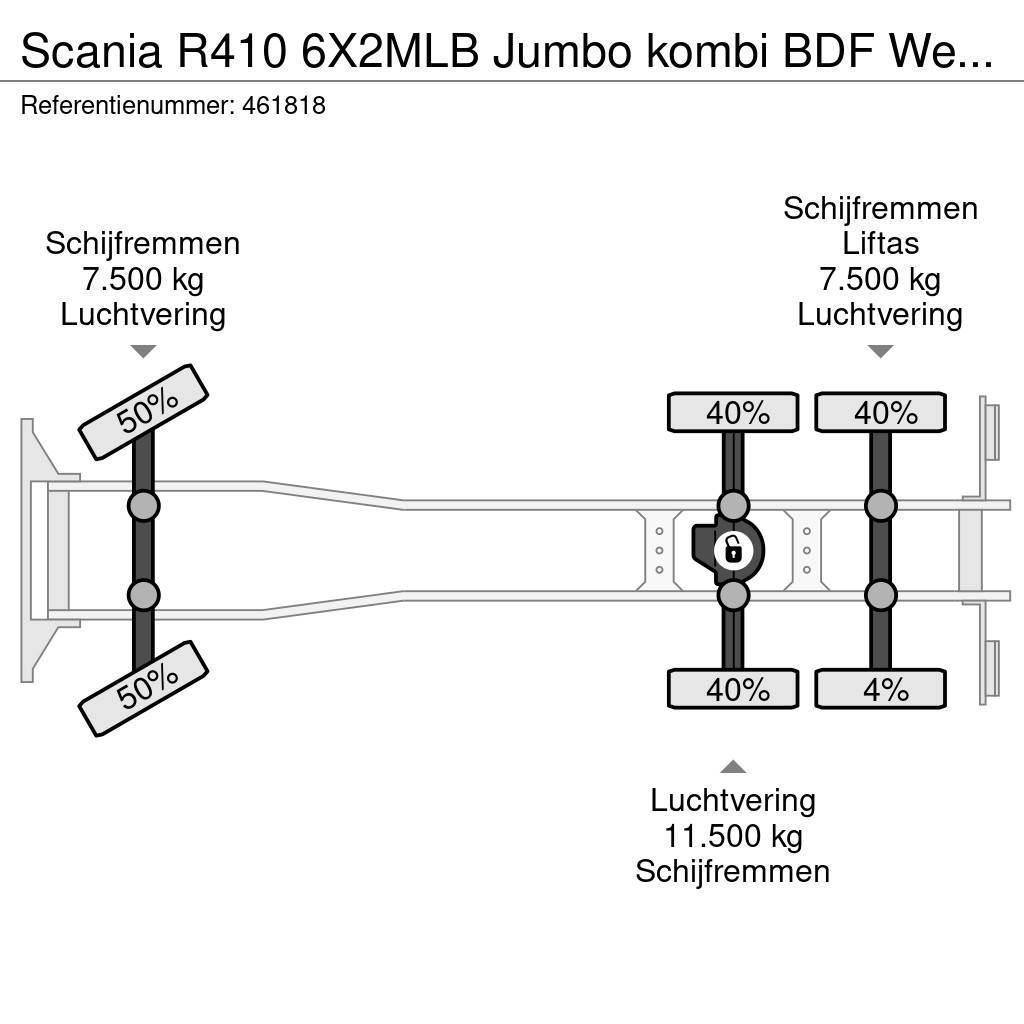 Scania R410 6X2MLB Jumbo kombi BDF Wechsel Retarder Lifti Demonterbare/wirehejs lastbiler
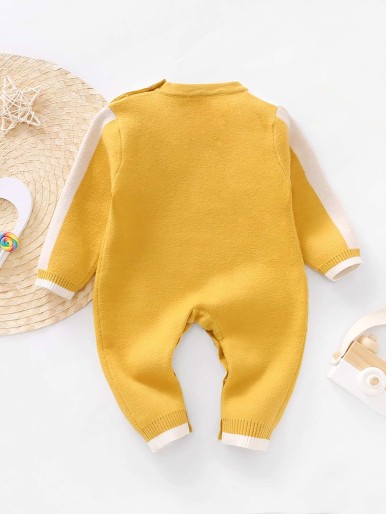 Baby Boy Letter Pattern Knit Jumpsuit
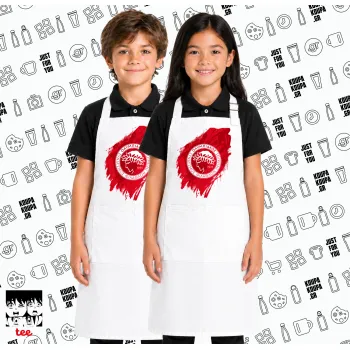 Olympiacos F.C., Λευκή ΠΑΙΔΙΚΗ Ποδιά μακριά Σεφ ολόσωμη με τσέπες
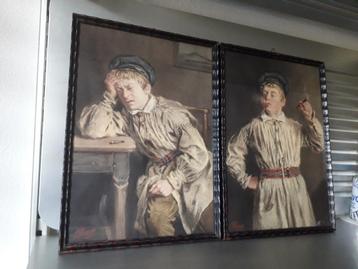 2 ANTIEKE PRENTEN in de ANTIEKE LIJSTEN kunsth A.KLAVERSTIJN beschikbaar voor biedingen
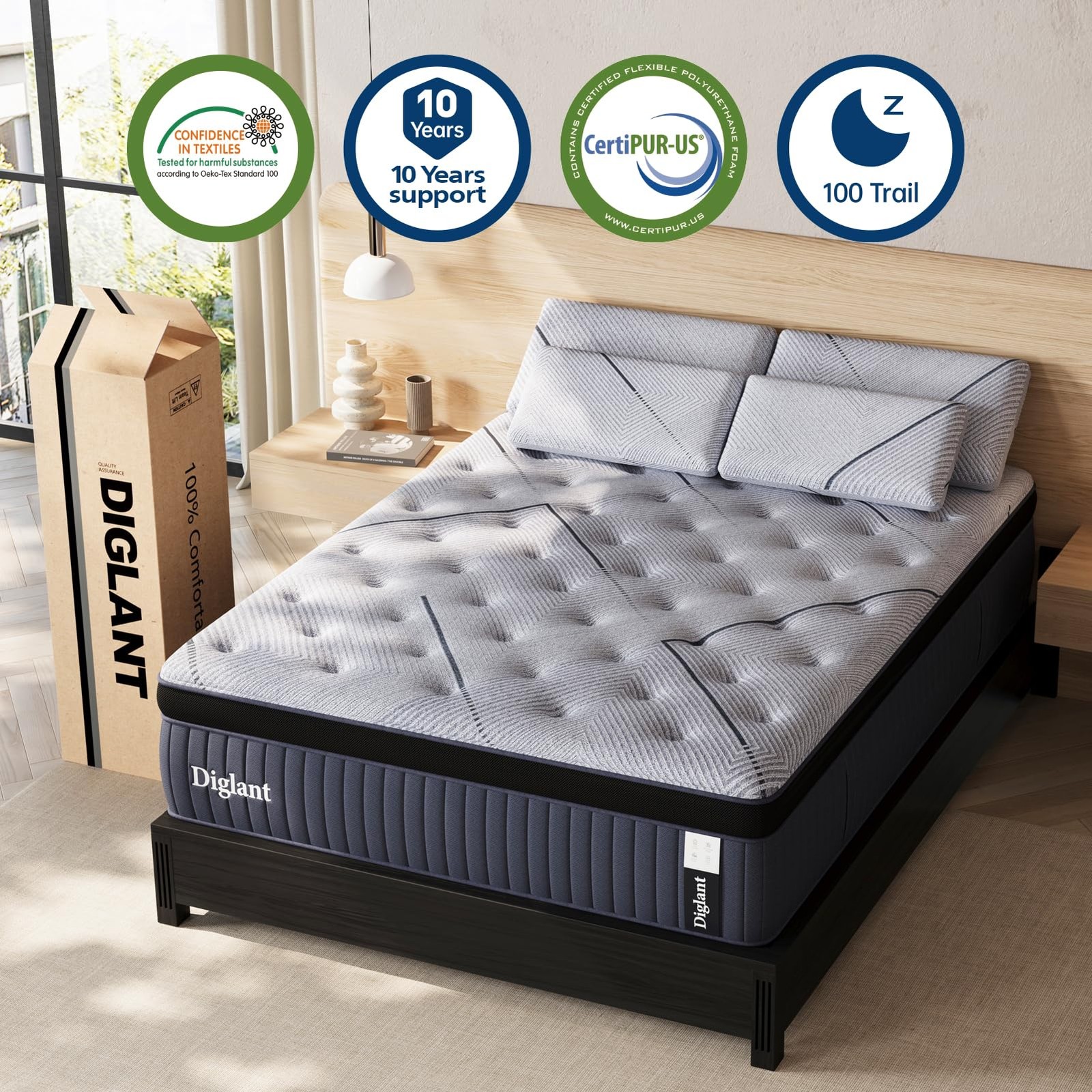 California King Mattress, 14Inch Medium Hybrid Mattress,Cooling Memory Foam &…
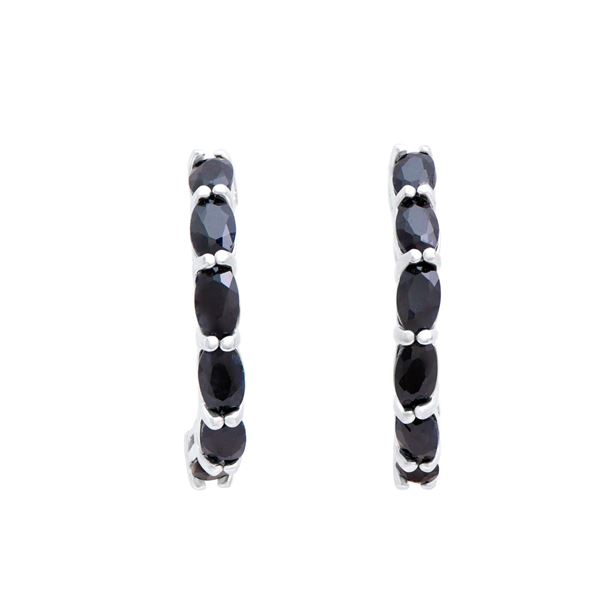 Plated Rhodium and Sterling Silver 3.55ctw Sapphire Earrings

■ ■ ■ ■ ■ ■ ■

• **Aim of the exercise**: Pictures do not belong in the copy. Please reproduce the entries above exactly otherwise.

• **Final answer**:
 Scania R410 6X2MLB Jumbo kombi BDF Wechsel Retarder Lifti Demonterbare/wirehejs lastbiler
 Baby Boy Letter Pattern Knit Jumpsuit
 Olympiacos F.C., Λευκή ΠΑΙΔΙΚΗ Ποδιά μακριά Σεφ ολόσωμη με τσέπες
 2 ANTIEKE PRENTEN in de ANTIEKE LIJSTEN kunsth A.KLAVERSTIJN beschikbaar voor biedingen
 California King Mattress, 14Inch Medium Hybrid Mattress,Cooling Memory Foam &…
 Plated Rhodium and Sterling Silver 3.55ctw Sapphire Earrings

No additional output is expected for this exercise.